While it may seem like anger could spur employees to quit, new research revealed that, in some cases, it actually does the opposite.
According to a study recently published in the Academy of Management Journal, when employees who identify well with their employer face job issues, it often decreases their intention to leave: They are more motivated to stick around and improve their situation, rather than storming out in a fury.
However, when employees' identity with their company is low, they are more likely to quit when job situations anger them, the study found.
The researchers discovered that employees who identify well with their organization tend to blame themselves, rather than their employer, for anger over job issues, because their employer is part of what defines them. Thus, these employees are less likely to respond to these feelings of anger by disengaging, the study found. [See Related Story: Your Best Employee Just Quit ... Now What?]
Jochen Menges, a lecturer at the University of Cambridge's Judge Business School in the United Kingdom and a professor at WHU – Otto Beisheim School of Management in Germany, said the study shows that it is ill-advised for employers to broadly characterize specific emotions as beneficial or detrimental to their company.
"The study suggests that company policies that are designed to promote positive emotions or minimize negative emotions may, in fact, not have the intended effect," Menges said in a statement. "So rather than seeking to suppress certain workplace emotions, companies should instead adopt practices that seek to encourage greater organizational identification."
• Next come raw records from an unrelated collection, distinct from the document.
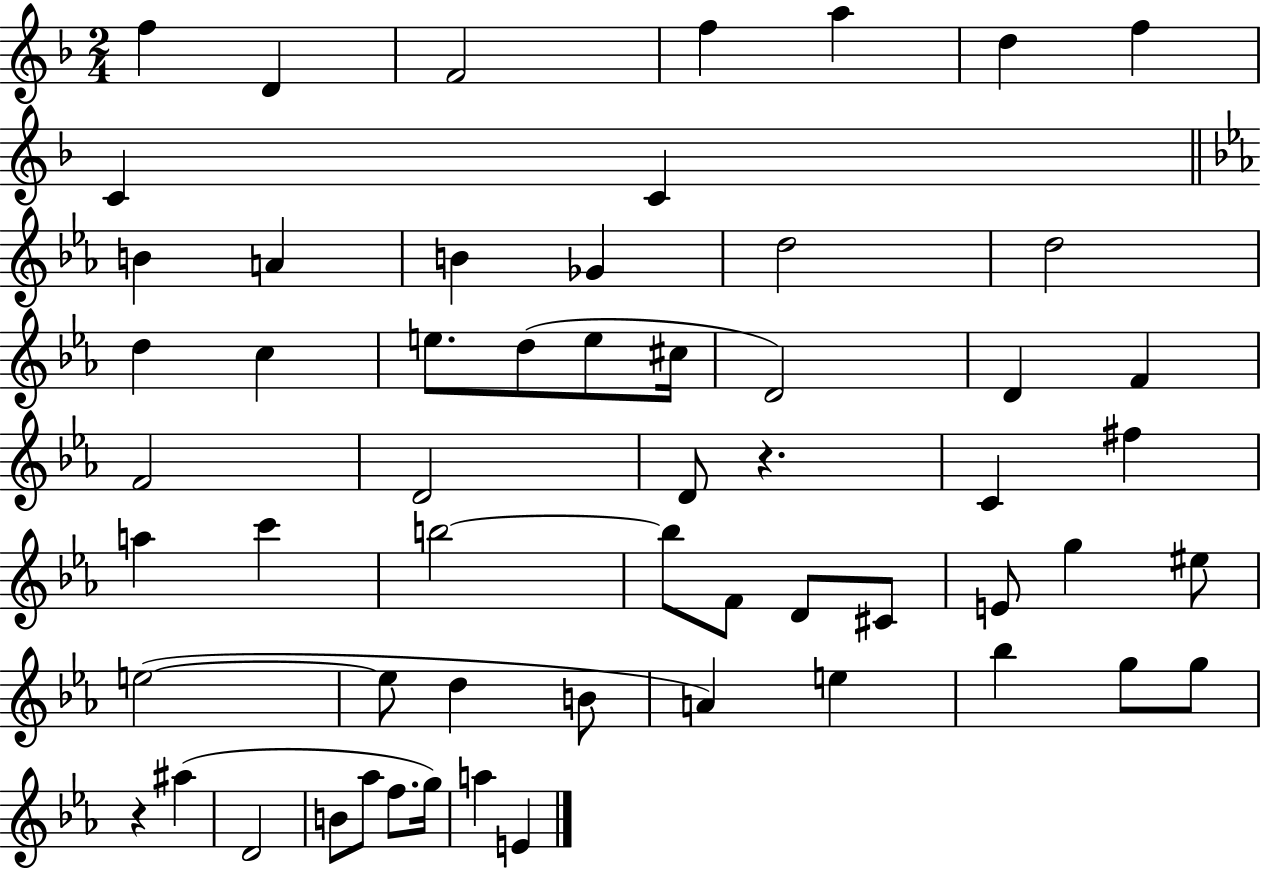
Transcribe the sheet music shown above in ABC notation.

X:1
T:Untitled
M:2/4
L:1/4
K:F
f D F2 f a d f C C B A B _G d2 d2 d c e/2 d/2 e/2 ^c/4 D2 D F F2 D2 D/2 z C ^f a c' b2 b/2 F/2 D/2 ^C/2 E/2 g ^e/2 e2 e/2 d B/2 A e _b g/2 g/2 z ^a D2 B/2 _a/2 f/2 g/4 a E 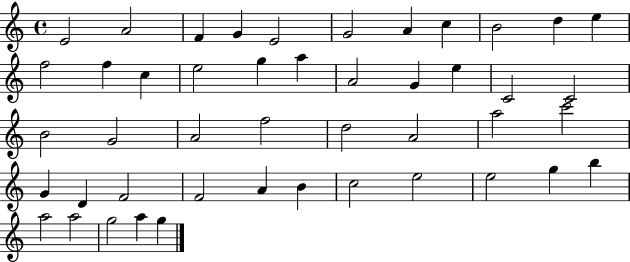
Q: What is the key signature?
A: C major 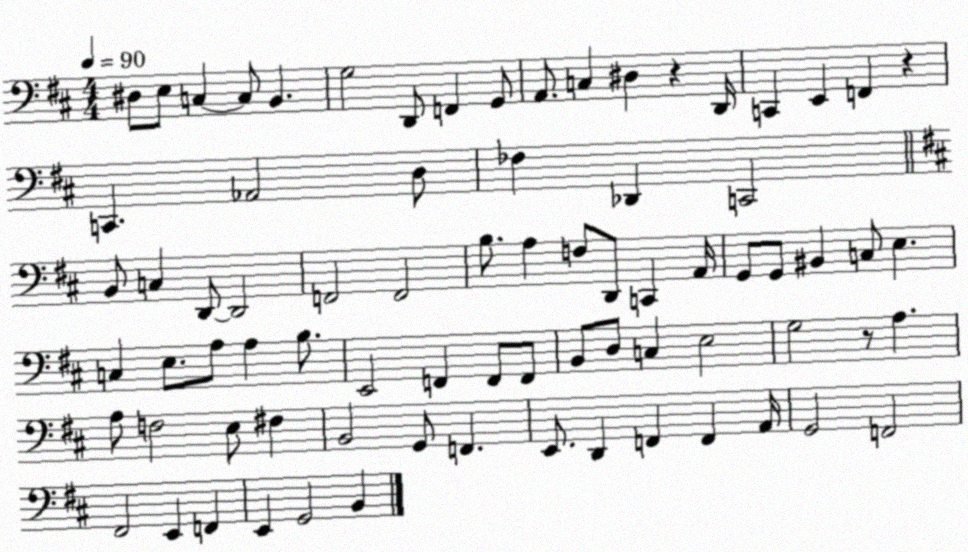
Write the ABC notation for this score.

X:1
T:Untitled
M:4/4
L:1/4
K:D
^D,/2 E,/2 C, C,/2 B,, G,2 D,,/2 F,, G,,/2 A,,/2 C, ^D, z D,,/4 C,, E,, F,, z C,, _A,,2 D,/2 _F, _D,, C,,2 B,,/2 C, D,,/2 D,,2 F,,2 F,,2 B,/2 A, F,/2 D,,/2 C,, A,,/4 G,,/2 G,,/2 ^B,, C,/2 E, C, E,/2 A,/2 A, B,/2 E,,2 F,, F,,/2 F,,/2 B,,/2 D,/2 C, E,2 G,2 z/2 A, A,/2 F,2 E,/2 ^F, B,,2 G,,/2 F,, E,,/2 D,, F,, F,, A,,/4 G,,2 F,,2 ^F,,2 E,, F,, E,, G,,2 B,, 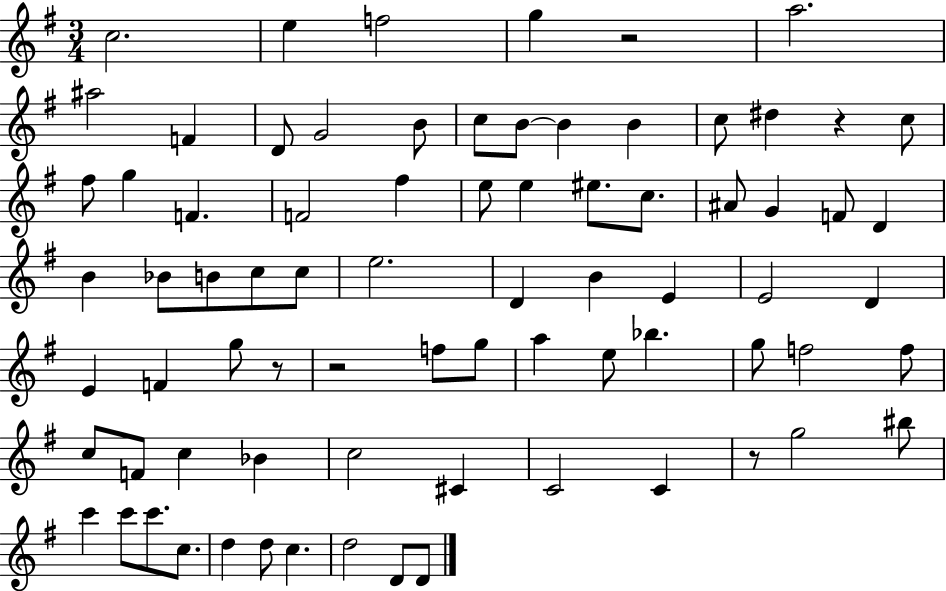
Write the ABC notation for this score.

X:1
T:Untitled
M:3/4
L:1/4
K:G
c2 e f2 g z2 a2 ^a2 F D/2 G2 B/2 c/2 B/2 B B c/2 ^d z c/2 ^f/2 g F F2 ^f e/2 e ^e/2 c/2 ^A/2 G F/2 D B _B/2 B/2 c/2 c/2 e2 D B E E2 D E F g/2 z/2 z2 f/2 g/2 a e/2 _b g/2 f2 f/2 c/2 F/2 c _B c2 ^C C2 C z/2 g2 ^b/2 c' c'/2 c'/2 c/2 d d/2 c d2 D/2 D/2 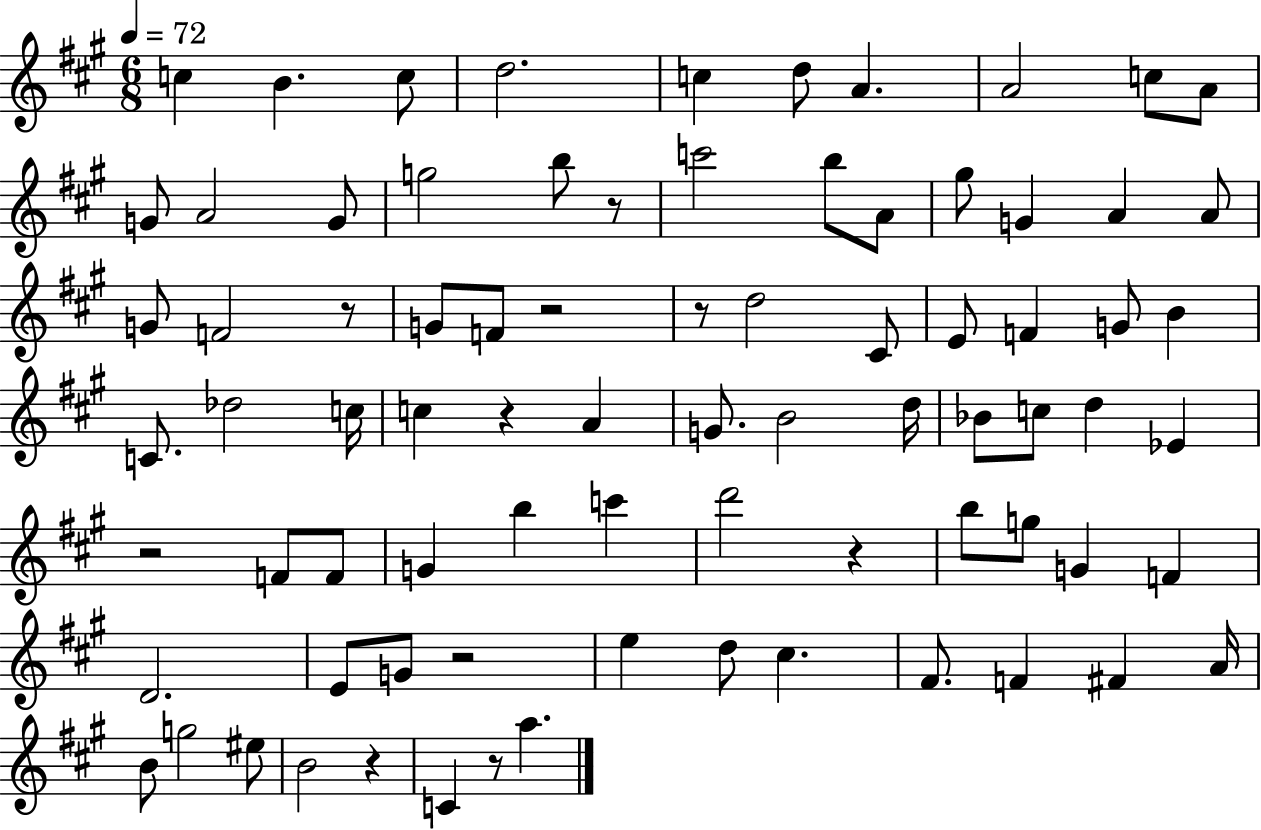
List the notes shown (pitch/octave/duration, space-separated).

C5/q B4/q. C5/e D5/h. C5/q D5/e A4/q. A4/h C5/e A4/e G4/e A4/h G4/e G5/h B5/e R/e C6/h B5/e A4/e G#5/e G4/q A4/q A4/e G4/e F4/h R/e G4/e F4/e R/h R/e D5/h C#4/e E4/e F4/q G4/e B4/q C4/e. Db5/h C5/s C5/q R/q A4/q G4/e. B4/h D5/s Bb4/e C5/e D5/q Eb4/q R/h F4/e F4/e G4/q B5/q C6/q D6/h R/q B5/e G5/e G4/q F4/q D4/h. E4/e G4/e R/h E5/q D5/e C#5/q. F#4/e. F4/q F#4/q A4/s B4/e G5/h EIS5/e B4/h R/q C4/q R/e A5/q. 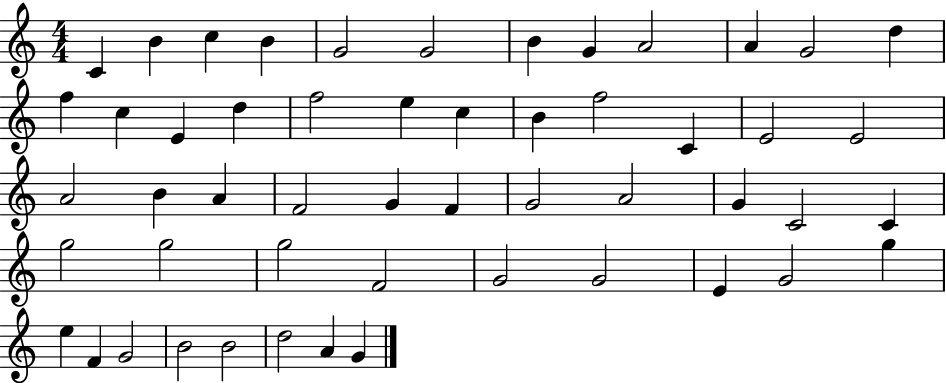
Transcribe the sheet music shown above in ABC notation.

X:1
T:Untitled
M:4/4
L:1/4
K:C
C B c B G2 G2 B G A2 A G2 d f c E d f2 e c B f2 C E2 E2 A2 B A F2 G F G2 A2 G C2 C g2 g2 g2 F2 G2 G2 E G2 g e F G2 B2 B2 d2 A G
For the study, researchers examined 135 employees in the United States and Europe who worked for a large company in the pilot training and certification business. Over a one-year period, the employees were surveyed about their intentions to leave or remain with the company, and about general organization issues, such as schedule and pay. In addition, the researchers asked the employees about specific matters related to the job, such as events that made them feel good or disrespected at their job, as well as instances that made them feel close to their co-workers.
Six months after their final survey, the researchers analyzed actual staff turnover. They found a significant correlation between the number of employees intending to leave the company and the actual staff turnover.
In addition to anger, the research looked at feelings of guilt and pride. Similar to what they discovered with anger, the study's authors found negatives with positive emotions and positives with negative emotions in some employees. For example, although pride usually encourages employees to remain at a company, for workers lacking work-related identifications, a feeling of pride made them more likely to consider quitting.
The study was co-authored by Samantha Conroy, an assistant professor at Colorado State University, and William Becker, an assistant professor at Texas Christian University.